We will always need a reliable source of energy that is not intermittent, and considering all the other alternatives nuclear is the best one for this task if hydropower is not feasible.

A diversified mixed of renewable energies with peak production higher than peak consumption + energy efficiency + demand response + thermal storage + electricity storage (different battery technologies and other options)seem enough to have a resilient cost effective grid without nuclear or gas
Yeah, it's a great idea. But the problem is the specifics. For example, the electricity storage you describe, do you have any idea of its cost or feasibility? For example, all the battery capacity in the world right now is about 1000 GwH, and optimistic estimates project a 5x growth by 2030 [1]. Even if we take the 2030 figure, 5500 GwH, that number would be enough to power... Less than 500 thousand American people, if my math is correct? [2] Meanwhile, nuclear is currently responsible for 20% of electricity generation in the US, and could be even more, there's no fundamental obstacle in the way except money.

[1] https://www.reuters.com/business/autos-transportation/global...

[2] https://data.worldbank.org/indicator/EG.USE.ELEC.KH.PC?locat...

Electricity storage is only one of the six elements I mentioned... When it comes to storage, thermal storage is cheaper and have a huge potential (and heat and cold represent about half of the US electricity consumption)

Then batteries is only one technology out of several to "store electricity". Pumped hydro and Hydrogen are probably the 2 biggest alternatives, with mature technology and innovation. There are also more niche technologies like flywheels, compressed air, thermal to electricity storage...

Then lithium-ion battery (your figures are for lithium-ion battery) is only one type of battery - the most used, and the one with price decreasing the most. For example there are different types metal air or flow batteries that are interesting.

Then when batteries are needed (e.g. when energy efficiency + diversified energy mix + overproduction + demand response + thermal storage were not enough), they are needed only for a part of the electricity need at the given time in the grid.

Keep also in mind that 5500 GwH of battery can inject it the grid (or in cars:) 5500 GwH every cycle (oversimplification: everyday) if needed.

You conclude by "there's no fundamental obstacle in the way except money"... well that was the very point of my initial post.

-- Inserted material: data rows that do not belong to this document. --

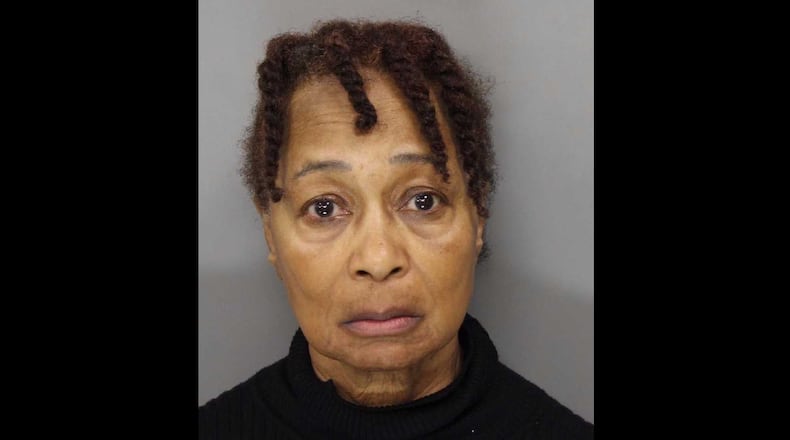 Mugshot of Anna Elizabeth Young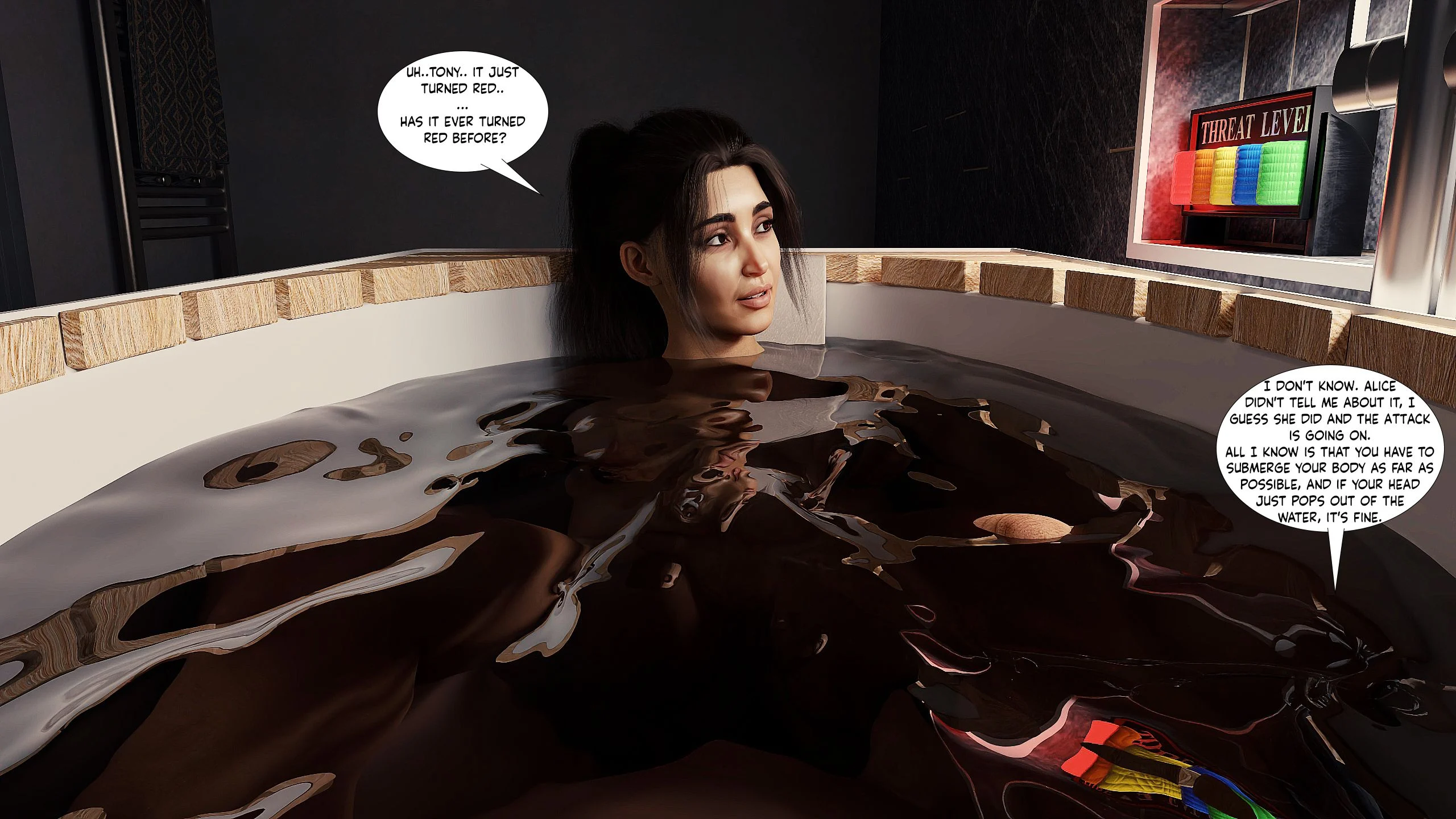 Desire Confine [FLL] 5 . Desire Confine - Chapter 5 [FLL] – page 143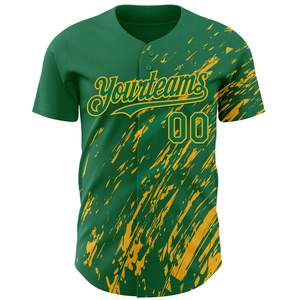 Camiseta de Béisbol Sublimada Personalizada, 100% Poliéster Transpirable, Cuello Redondo, Tirantes en T, Manga Corta, Uniforme Deportivo Unisex, Ropa de Equipo OEM - Product Image 6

While managing intermittence has a cost currently nuclear Kwh are 3 to 10 times more expensive than utility wind and solar kwh. And the gap between nuclear and wind & and solar keep widening...

I feel sad when I see replies like yours, because honestly I don't think you understood my point at all. If you combine all the other things you mention here, all of them together, right now, are incapable of addressing even 1% of our energy use, let alone be the backbone of a grid to manage intermittence. The cost analysis you describe is imaginary, because again, those technologies simply don't exist at scale. There is not a single country in the world that operates with any of your strategies, but most developed economies regularly use nuclear in their mix.

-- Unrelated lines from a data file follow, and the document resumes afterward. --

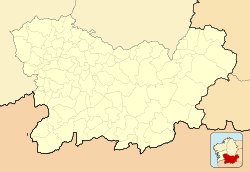 A Chouzana ubicada en Provincia de Orense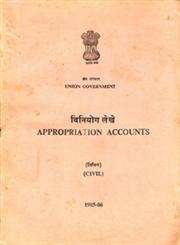 Appropriation Accounts : Civil - 1985-86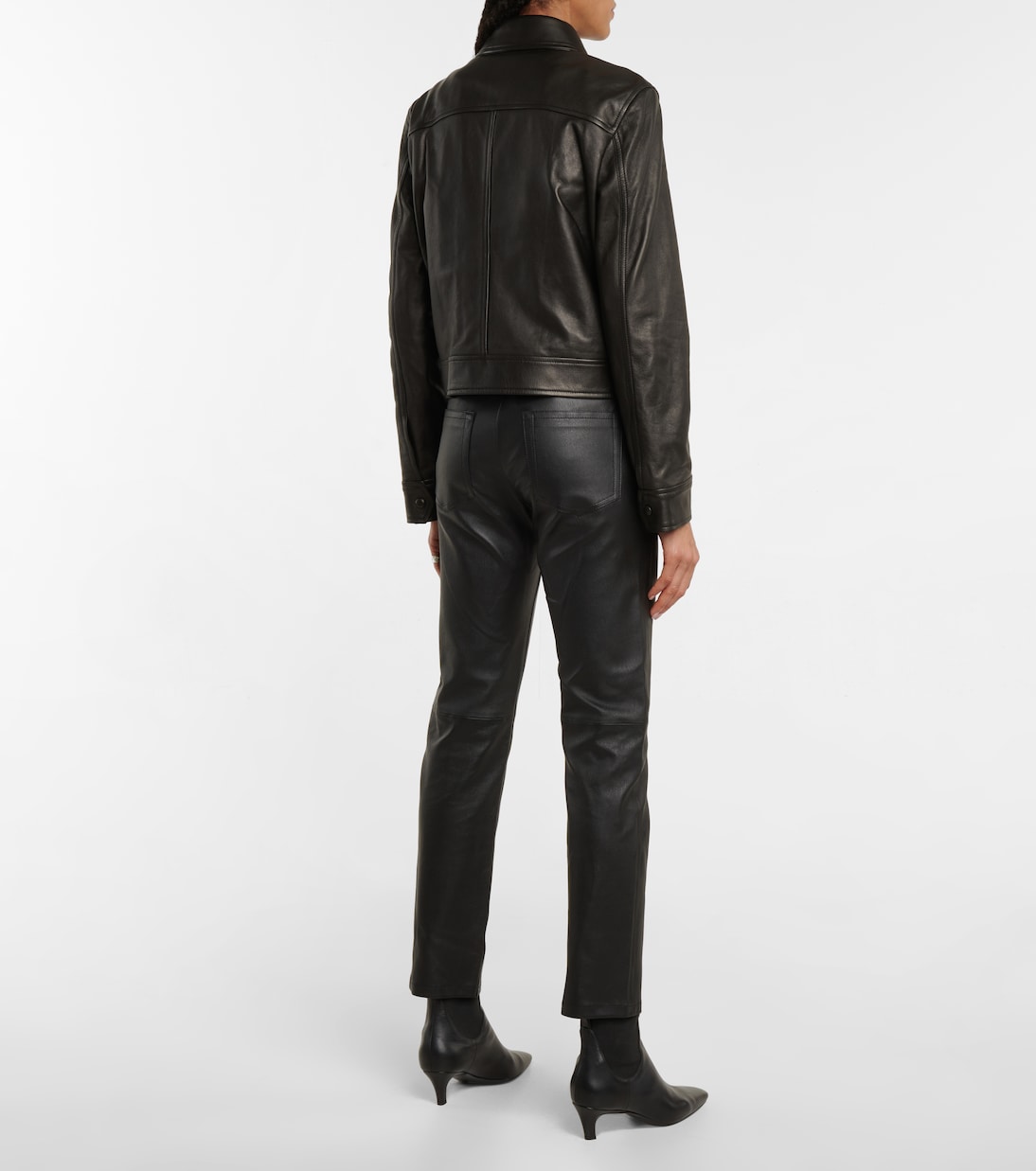 Veste Joanne en cuir | Joseph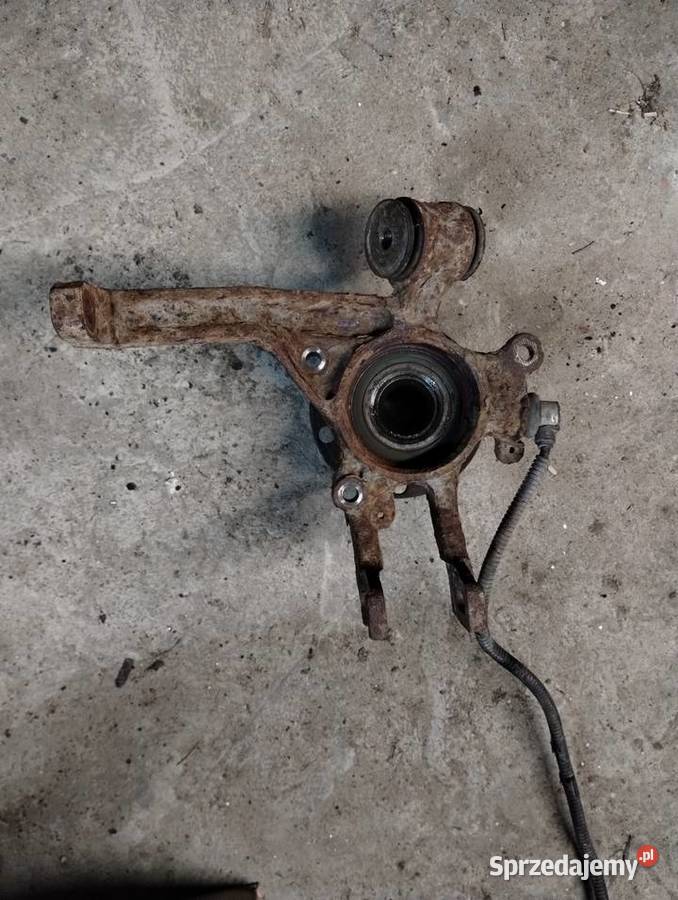 Audi A8 D2 42 quattro piasta zwrotnica tylna Ciężkowiczki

We could address climate change with nuclear today, or we could wait until these technologies are mature and cheap, which may come too late.

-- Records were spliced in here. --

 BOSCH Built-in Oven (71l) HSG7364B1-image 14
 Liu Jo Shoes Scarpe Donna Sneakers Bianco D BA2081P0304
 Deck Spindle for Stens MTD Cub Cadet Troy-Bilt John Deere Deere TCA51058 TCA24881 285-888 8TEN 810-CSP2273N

5500 GwH seems to be the yearly batteries manufacturing capacities projected in 2030. That is what will be produced every year, not the total installed capacity of batteries. And as mentioned earlier those batteries could technically inject 5500 GwH (+ 5000 GwH of 2029, 4500 GwH of 2028...) in the grid every day...
My energy usage estimate is also based on daily use. And even if we extrapolate it to a 10x increase, 55000 GwH, and it could be available now, we would not even achieve the same levels that nuclear already does just in the US, today. Every discussion we have on debating batteries as alternative to nuclear must tackle this obvious issue.
Nuclear (fission) generation is more expensive - but you have to compare apples-to-apples. Electricity production will be a mix of sources. Renewable / Sustainable tends to be variable - think solar, wind, and even hydroelectric to some degree. Exotic technologies like geothermal (land or sea based) may help with this, but we are a long way from having substantial production capability. Base load generation today largely consists of creating heat, boiling water, and spinning a turbine. We have decided that creating heat by burning carbon-based fuels has unacceptable externalities.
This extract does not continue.